Recentemente, li um artigo sobre o processo administrativo chinês. Fiquei feliz ao descobrir que, atualmente, podemos conhecer até mesmo o direito da China sem falar mandarim. Quando estava na faculdade, direito chinês era algo de outro mundo. O único contato possível era por intermédio do filme Justiça Vermelha, no qual Richard Gere era acusado de assassinato, e sofria um processo que não obedecia ao devido processo legal.

Ao ler o artigo, percebi que o filme não era despropositado, pois, até as mudanças decorrentes da Constituição Chinesa de 1982, o direito administrativo era, em parte, regido por regulamentos secretos. Esse fato, aliado à possibilidade de prisões administrativas, gerava arbitrariedades.

Embora o caráter autoritário permaneça nos dias de hoje, pois subsistem prisões administrativas e há ampla discricionariedade na aplicação de sanções, o direito administrativo punitivo chinês segue rumo à liberdade. Como exemplo pode-se citar a lei chinesa de processo administrativo, que entrou em vigor em maio de 2015, e ampliou as hipóteses legais de ações contra o Estado.
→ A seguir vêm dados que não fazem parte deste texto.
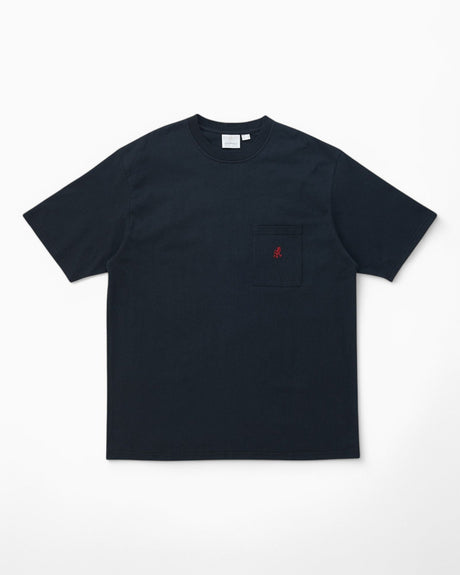 One Point T-Shirt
O direito administrativo punitivo brasileiro, no entanto, caminha em sentido oposto. Condutas ilícitas e sanções são descritas de modo cada vez mais aberto, possibilitando uma grande discricionariedade por ocasião da aplicação de punições. Um exemplo se encontra na lei de improbidade administrativa, que pune a violação do “dever de lealdade às instituições”, embora ninguém saiba o que isso significa. Outro exemplo é a sanção de multa prevista na lei anticorrupção, que pode variar entre R$ 6 mil e R$ 60 milhões.
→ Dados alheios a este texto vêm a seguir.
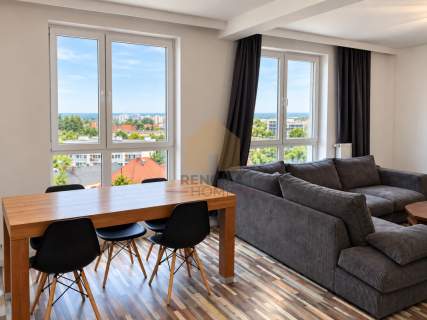 Viniarnia Home ul. Moniuszki 2 poziomy 83,67m2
É preciso brecar o rumo autoritário que segue o direito administrativo sancionador brasileiro. Autoridades são alguns durante algum tempo. Cidadãos somos nós por toda a vida. Aumentar a autonomia do Estado para aplicar sanções é diminuir a segurança jurídica dos cidadãos. É criar um país onde manda quem pode e obedece quem tem juízo. É “chineizar” o direito administrativo punitivo brasileiro. E se alguém tiver alguma dúvida de que isto é ruim, viaje para a China. Nos dias de hoje, fica “logo ali”.